A QIO operating as a QIO does not qualify as a CBO for this program. The business entity that holds a QIO contract could qualify as a CBO and apply for this program as a separate and distinct line of business. The entity would need to have a substantial physical presence in the community it proposed to serve and meet the definition of CBO as provided in our responses to FAQ #10418 and FAQ #10419. In addition, we would need to ensure that there would be no conflict of interest between the business entity’s activities under the CCTP and its operations as a QIO under the QIO statute. For example, we would need to ensure that as part of its activities under the CCTP the business entity would not be entering into any business or legal relationships with health care entities that might bias the entity’s ability to perform its QIO functions under Title XI.
When you refer to the establishment of formal relationships with hospitals, how do you define "formal"? What are the minimum requirements to validate a formal relationship?
We need to see evidence in the application that the hospital leadership is on board with the proposal. Therefore, we have required letters of commitment from the CFO, CEO, and operations manager responsible for discharges of every hospital partner proposed in the application.
Could an applicant propose a smaller scale implementation, with a proposal to expand slowly over the course of 2 or 3 years?
We cannot guarantee later expansions because of the finite resources available for the program and the rolling admissions provision. We will be making awards based on applicants' "not to exceed rates" for program participation which are derived from anticipated volume of beneficiaries to be served at each partner hospital and will continue awarding applications until we reach our budget capacity. It is true that not all awardees will continue to operate beyond the initial 2-year agreements and that we will redirect some of those dollars to organizations that have demonstrated success for the purposes of expansion.
Are applicants limited to proposing one of the evidence-based care transitions models referenced in the solicitation? What if you would like to propose a model that has been adapted from an evidence-based model, and would be implemented with adherence to evidence-based components but also accommodating for site-specific variability?
No. Applicants can propose any intervention that they can demonstrate will likely reduce avoidable hospital readmissions and improve transitions of care for Medicare beneficiaries.
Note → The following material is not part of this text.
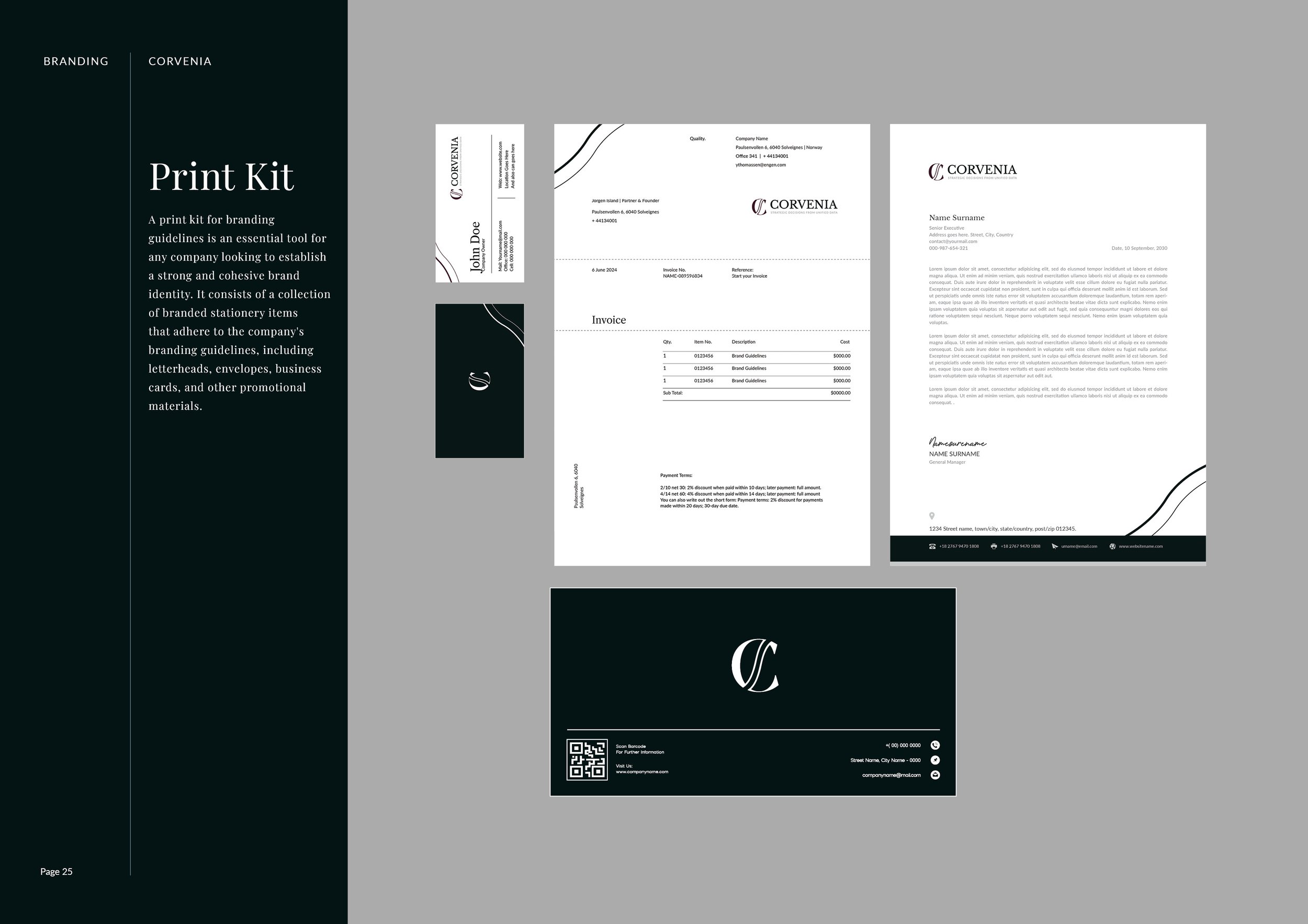 Corvenia Brand Presentation Final25.jpg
Adaptations of evidence-based models are acceptable if such adaptations are necessary to accommodate community specific factors that have been identified through the applicant's root cause analysis.
Should we assume that hospitals or CBO's that don't meet the criteria will not hold as much weight in regards to overall scoring of the applications?
The words "preference" and "consideration" are used interchangeably throughout the solicitation when referring to various eligibility criteria. Should we assume that hospitals or CBO's that don't meet these criteria will not hold as much weight in regards to overall scoring of the applications; in other words, would you discourage them from applying?
We do not wish to discourage any eligible CBO from applying. The preference and consideration are applied when all else is equal between two applications. This will become more of a factor as we approach our budget ceiling and there is only enough funding to select one of the two.
Are critical access hospitals eligible for the Community Based Care Transition Program (CCTP)?
The statutory language in 3026 specifically targets subsection (d) acute care hospitals. Critical access hospitals and specialty hospitals are excluded. Critical access hospitals could still participate in the broader community effort by partnering with the eligible CBO in their community. However, the CBOs will only be paid care transition fees for beneficiaries intervened upon immediately following discharge from a partnering acute care hospital.